Dopamine Nation: Finding Balance in the Age of Indulgence: Dr. Anna Lembke

  • The Next Big Idea - DOPAMINE NATION: Why the Modern World Puts Us All at Risk for Addiction
    In “Dopamine Nation: Finding Balance in the Age of Indulgence,” Dr. Anna Lembke says today’s superabundance of pleasurable stimuli makes us all vulnerable to…
    podcasts.google.com


    Podcast episode from The Next Big Idea directly pertinent to discussions on this forum.


    I'm more and more coming to the idea that homeostasis or "the hedonic set-point" *is* ataraxia and aponia, and that was one of Epicurus's innovations to see that homeostasis is a kind of pleasure and not just some neutral state between pleasure and pain.


    Listen and share your thoughts.

  • I think Elayne gives a good answer in her article ‘On Pain, Pleasure, and Happiness’.

    Humans are not inherently insatiable.

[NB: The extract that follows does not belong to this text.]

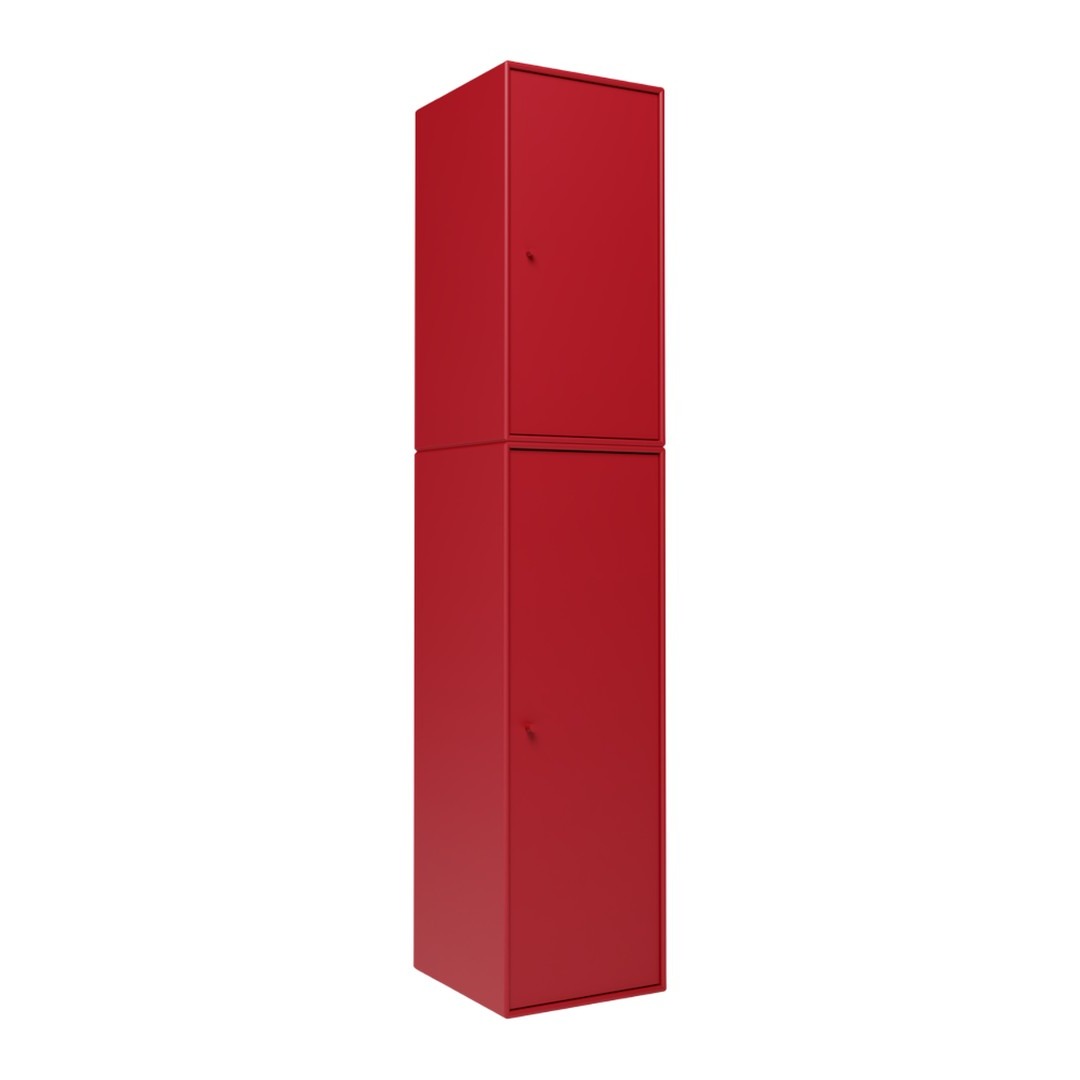 Red tall storage cabinet with a sleek, solid finish and minimalistic design. Perfect for modern interiors.
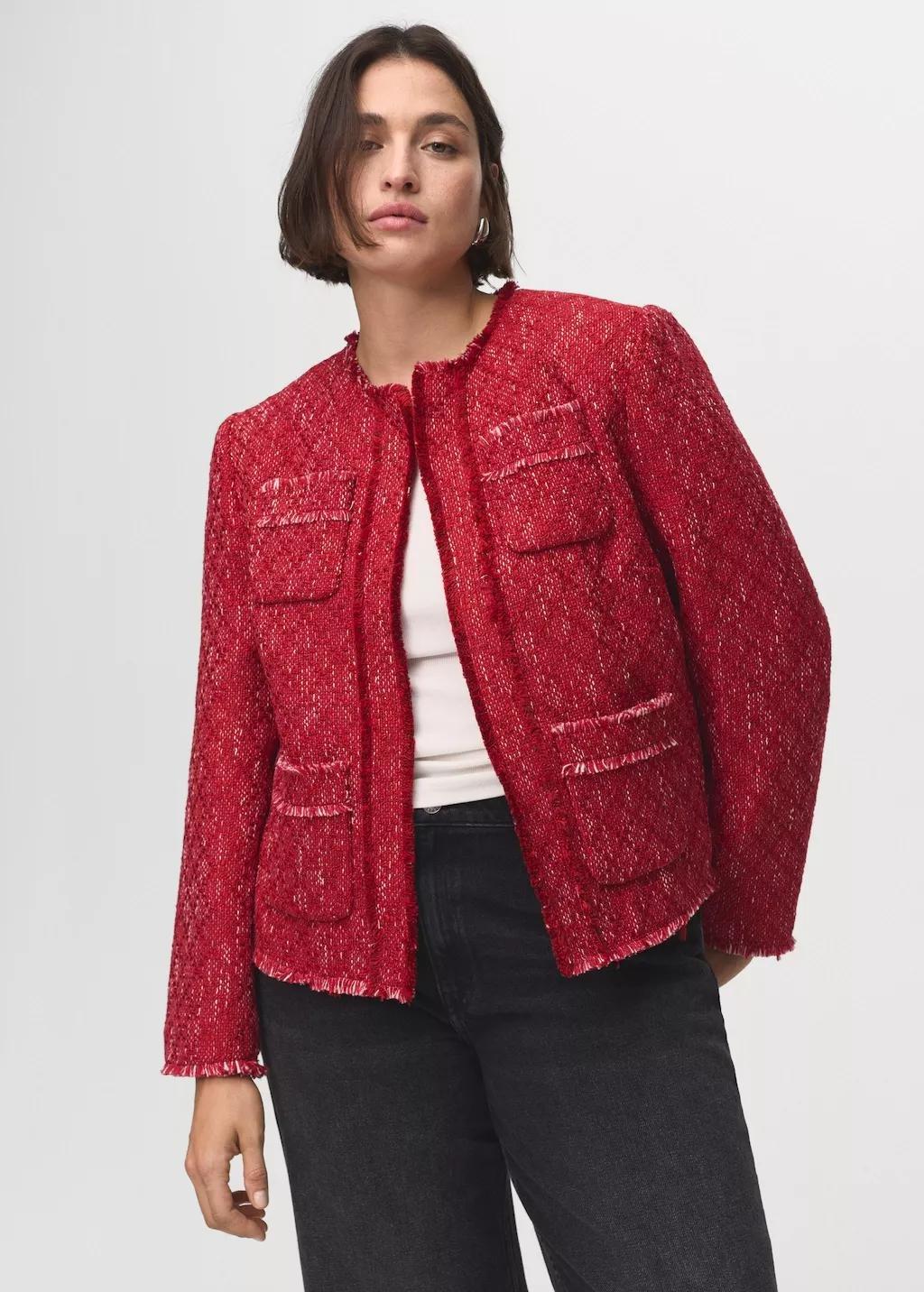 Red Tweed Jacket With Frayed Ends, , large image number 6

  • I listened to half of "Dopamine Nation". When asked if addictions can ever be beneficial, she says she uses a different label, such a passion. She also says that you know something is an addiction if the rest of the world turns pale in comparison, and you have too narrow of a focus on one behavior. It becomes maladaptive and you have to increase your activity more and more in order to get the same feelings of pleasure.

  • I think it is important to seek enjoyment from a wide assortment of activities and people, so that you don't become dependent on any one thing or any one person. Happiness doesn't come from any one thing, but from many things.

  • I haven't yet made it very far into the podcast, but after around minute 23 or so she gave what to me could be a good description of vain or unnecessary desires. Isn't this, after all, what addictions and insatiability are?

  • I don't remember that part (and it doesn't look like I can fast forward to that point).


    Possibly addictions are used to deal with the anxiety and stress that arises from chasing after vain and unnecessary desires. But most of "mainstream" modern life is an un-ending parade of the vain and unnecessary.

  • Addicted to power, addicted to money, addicted to work, addicted to alcohol.... Power, money, work and alcohol aren't bad in themselves, nor are the desires to attain them to some degree. I think part of what she was saying in the podcast is that what is not addictive for some people can be addictive for other people. I would add to that this is where wisdom comes in: the ability to recognize your personal limits (there's that word again!). Knowing these limits can inform one as to what is vain/unnecessary for their own well being.

  • The latest episode of Lucretius Today (or use it "Torquatus" Today now ;) ) talked about this, from my perspective, with the discussion of the "love of money" for its own sake. If the acquisition of money is just to acquire more money (ie, you're not making money to work toward some achievable goal), there's no limit to that desire. You can never be satisfied with how much money you have.